|
Melawan anorexia di dunia mode | ||||||||||||||||||||||||||||||||||||||||||||||||||||||||||||||||||||||||||||||||||||||||||||||
Dunia mode tersadarkan bahwa disiplin para model untuk menjaga kelangsingan tubuh, agar tetap dipilih berjalan di cat walk, ternyata berdampak negatif. Beberapa model, yang masih muda belia, rupanya menjaga kelangsingan tubuh mereka secara berlebihan. Dan tewasnya seorang model asal Brasil, Ana Caroline Reston, November tahun lalu sepertinya menyadarkan dunia mode. Saat meninggal dunia, Ana Caroline Reston, yang berusia 21 tahun, hanya memiliki berat badan sekitar 40 kilogram. Ana Caroline Reston meninggal dunia karena infeksi yang disebabkan oleh anorexia, yang diterjemahkan sebagai gangguan pola makan dalam bentuk antara lain tidak punya selera makan. Ibunya Caroline, Miriam Reston, menuding bahwa tekanan dari agen modeling terlalu kuat dan mereka sampai bertindak seperti ibu kepada anak jika para model sedang di luar rumah.
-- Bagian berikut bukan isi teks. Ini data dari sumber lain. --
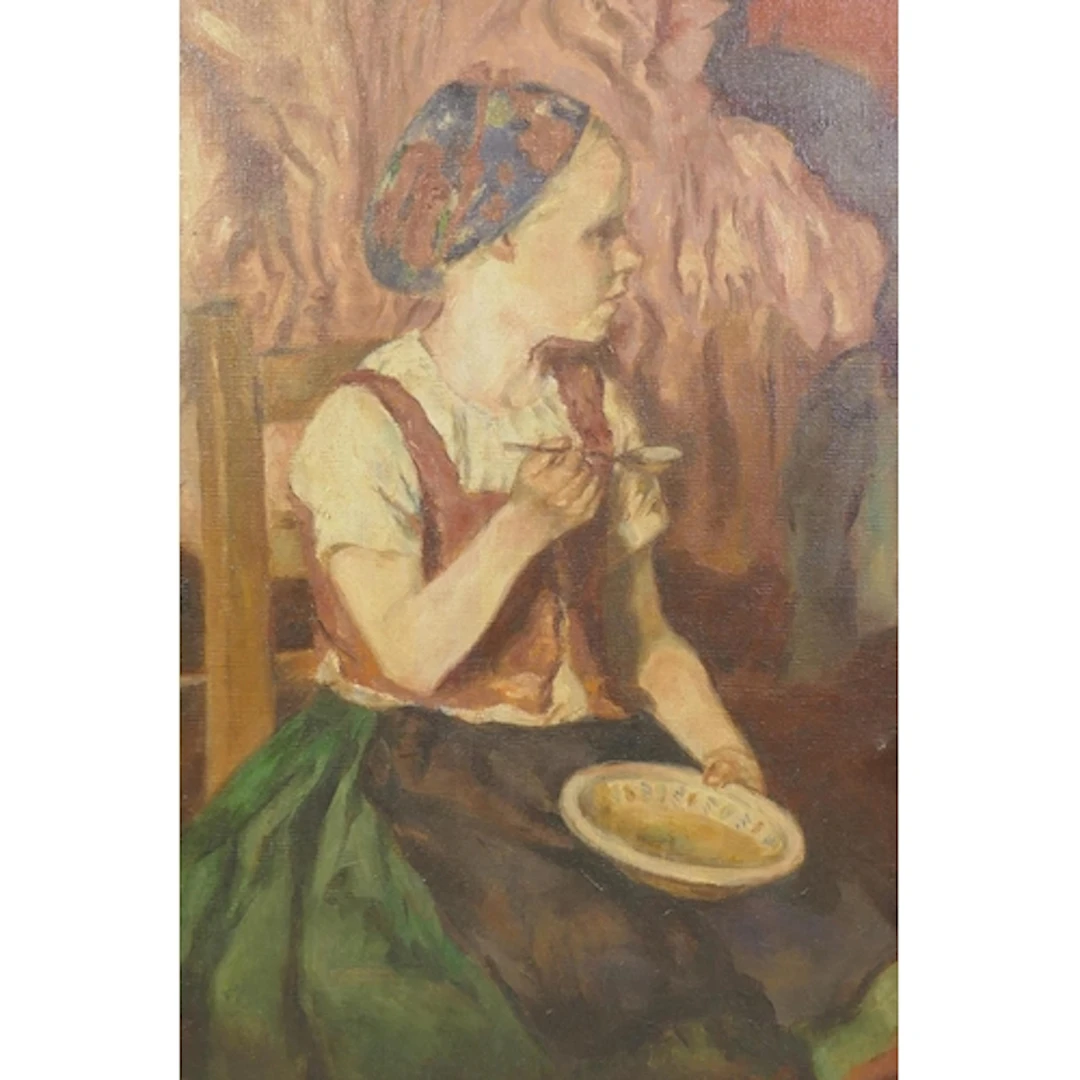 Oszkar Glatz, (Hungarian, 1872-1958), seated girl eating fro...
"Di rumah dia makan, tapi saya tidak tahu apa yang dilakukannya ketika sedang melakukan perjalanan," tambahnya tentang putrinya Ana Caroline. Dan Miriam Reston mengharapkan agen modeling juga menjaga kesehatan para model untuk mencegah kasus Ana Caroline lainnya. Selain merusak kesehatan para model, ada juga kekuatiran kalau model-model yang super kurus menyampaikan pesan yang salah tentang tubuh yang ideal kepada generasi muda. Madrid memulai Salah satu pusat mode dunia, Milan, yang menggelar Pekan Mode Milan, mulai 21 Februari lalu, menetapkan kode perilaku untuk melindungi para model dari anorexia. Langkah ini mengikuti kebijakan pemerintah Spanyol yang menentang model-model yang terlalu kurus untuk tampil di Madrid Fashion Show.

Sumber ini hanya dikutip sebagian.